IF Is Just Application

Recall that TRUE = λx.λy.x and FALSE = λx.λy.y. Each takes two arguments and returns one of them. TRUE returns the first; FALSE returns the second.

This means IF-THEN-ELSE requires no special construct at all. To express "IF b THEN x ELSE y," simply write:

b x y

If b is TRUE, the result is x. If b is FALSE, the result is y. The boolean itself performs the selection — it was designed to select.

IF TRUE

TRUE = λx.λy.x takes two arguments and returns the first. So applying TRUE to two branches selects the "then" branch:

TRUE a b = (λx.λy.x) a b →β (λy.a) b →β a

The second argument b is discarded. TRUE always picks the first.

IF FALSE

FALSE = λx.λy.y takes two arguments and returns the second. So applying FALSE to two branches selects the "else" branch:

FALSE a b = (λx.λy.y) a b →β (λy.y) b →β b

The first argument a is discarded. FALSE always picks the second.

No Separate IF Needed

In most languages, booleans are inert values — tags that say "true" or "false" but do nothing on their own. A separate IF construct inspects the tag and decides which branch to take.
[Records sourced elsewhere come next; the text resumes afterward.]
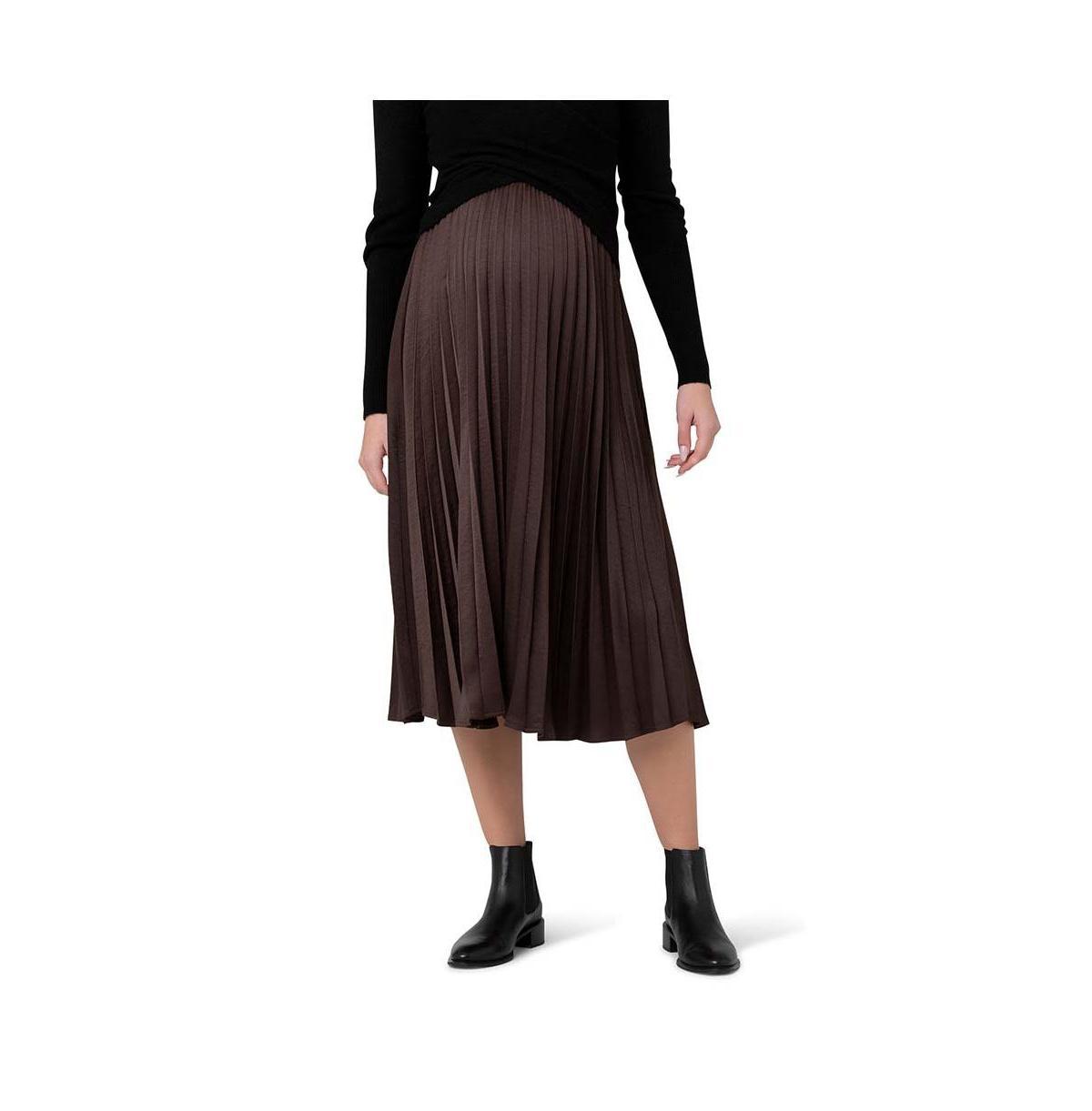 Ripe Maternity Pleated Satin Maternity Midi Skirt Product Image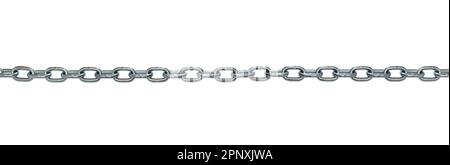 Simple minimalist illustration of shiny straight metal chain isolated on white background with empty space Stock Photo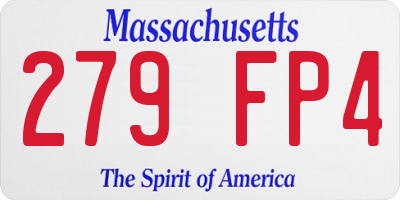 MA license plate 279FP4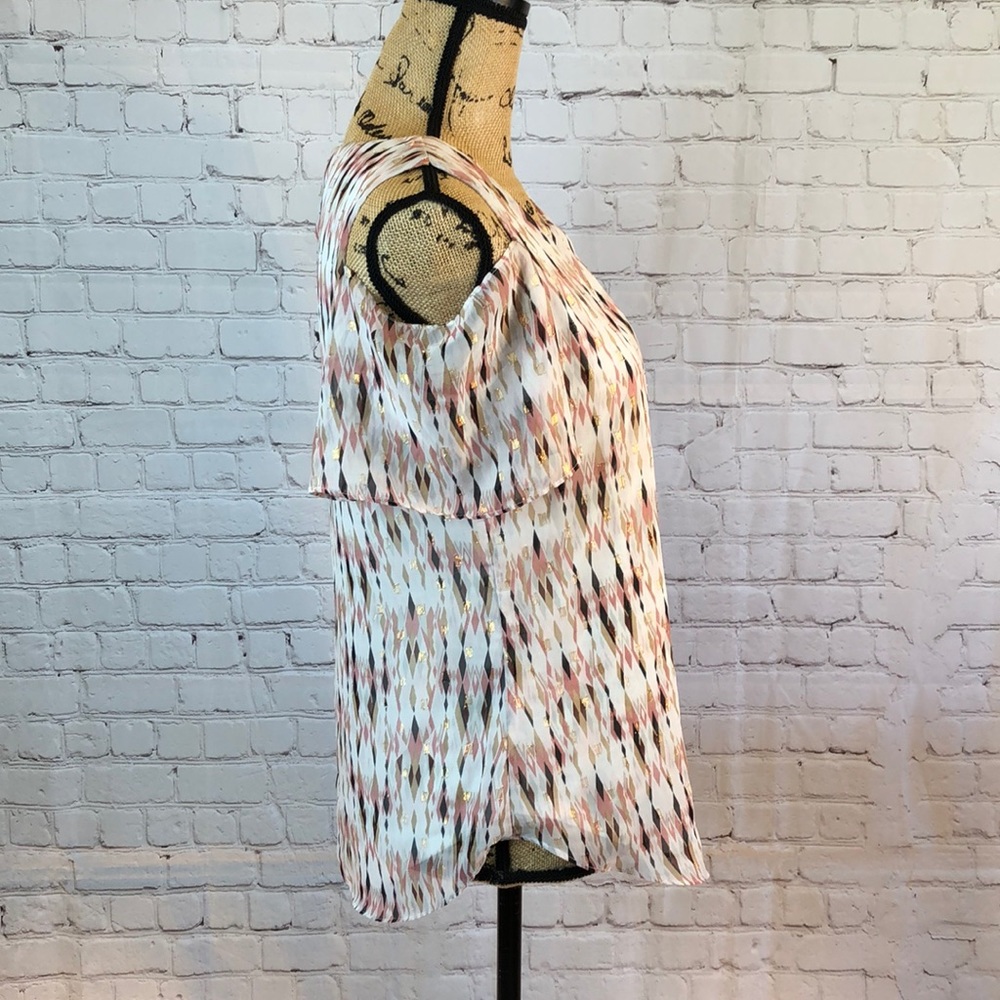Roz & Ali Top Sheer Lined Cold Shoulder Blouse Brown Pink Angle Prints Small - Picture 2 of 7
Church booleans work differently. TRUE = λx.λy.x and FALSE = λx.λy.y are not tags waiting to be inspected. They are functions that already know how to choose. Apply one to two arguments and it selects the right one.

A separate IF function would just receive b, x, and y and then apply b x y — doing exactly what b x y already does. The extra function adds nothing.
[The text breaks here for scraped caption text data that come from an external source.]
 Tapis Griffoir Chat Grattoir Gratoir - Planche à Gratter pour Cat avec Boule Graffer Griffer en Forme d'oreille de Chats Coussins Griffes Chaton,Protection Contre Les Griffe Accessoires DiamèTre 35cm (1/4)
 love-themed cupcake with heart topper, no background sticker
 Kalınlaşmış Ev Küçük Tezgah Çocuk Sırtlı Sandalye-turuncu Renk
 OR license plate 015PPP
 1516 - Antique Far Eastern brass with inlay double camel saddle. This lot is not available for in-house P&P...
The Boolean IS the Conditional

In most programming languages, booleans and conditionals are separate things. A boolean is a value (true or false), and a conditional (if/else) is a control structure that examines the value and picks a branch.

Church booleans collapse this distinction. TRUE and FALSE are not values waiting to be examined — they are functions that do the examining. When you write b x y, the boolean b receives the two branches and returns one. The data IS the control flow.
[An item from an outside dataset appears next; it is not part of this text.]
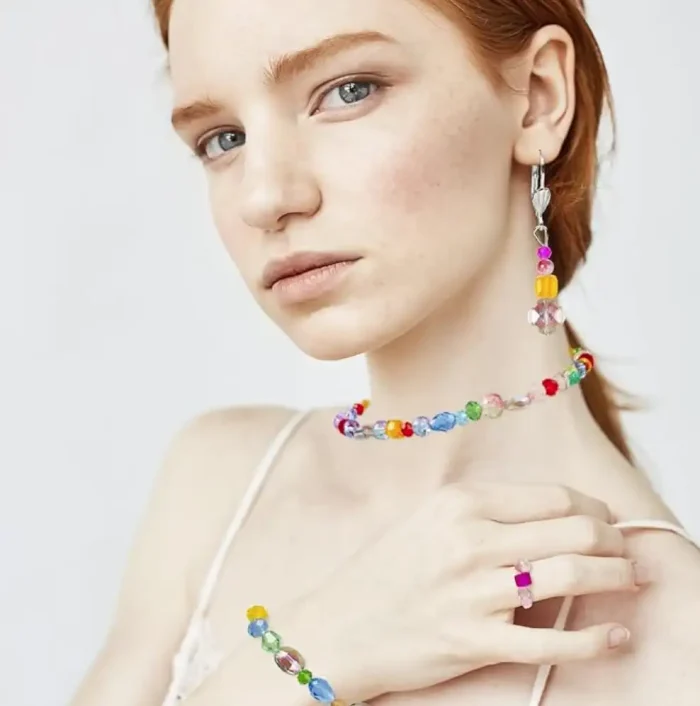 636pcs Glass Beads for Jewelry Making - Colorful Rainbow Craft Crystal Beads with Loose Beads Sparkly Beads Hole Drilled DIY for Bracelets Craft Earrings Making Valentine's Day Birthday Gifts - Image 2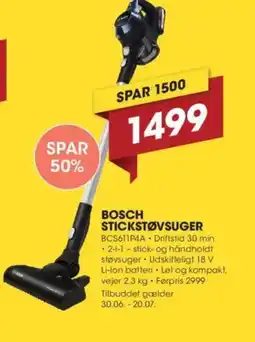 Punkt1 BOSCH STICKSTØVSUGER tilbud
This is one of the deepest ideas in lambda calculus: there is no boundary between data and computation. A value can be a function. A function can be data. Choosing is just applying.

IF with Lambda Terms

Church booleans select between any two arguments — not just simple variables. The branches can be lambda terms themselves.

TRUE (λx.x) (λy.y y) = (λa.λb.a) (λx.x) (λy.y y) →β (λb.λx.x) (λy.y y) →β λx.x

TRUE selects its first argument regardless of what that argument is. The second argument (λy.y y) is discarded entirely.

Why b x y Works as IF-THEN-ELSE

The conditional pattern b x y works because TRUE and FALSE were defined to be two-argument selector functions:

• TRUE = λx.λy.x — returns the first of two arguments
• FALSE = λx.λy.y — returns the second of two arguments

This is not a coincidence or a trick. The entire point of these definitions is to make selection possible through application alone. Church chose these definitions precisely so that applying a boolean to two branches would select the correct one.

The result is that branching, selection, and conditional logic all reduce to the most basic operation in lambda calculus: application.

The Conditional Pattern

The conditional pattern in lambda calculus is:

Apply the boolean to the two branches.

b x y — where b is a Church boolean, x is the "then" branch, and y is the "else" branch.

This works for any expressions as branches:

• TRUE a b → a
• FALSE a b → b
• TRUE (λx.x) (λy.y y) → λx.x
• FALSE (λx.x) (λy.y y) → λy.y y

The boolean selects; the branches are just arguments. No special syntax, no IF keyword, no pattern matching. Conditional logic is function application.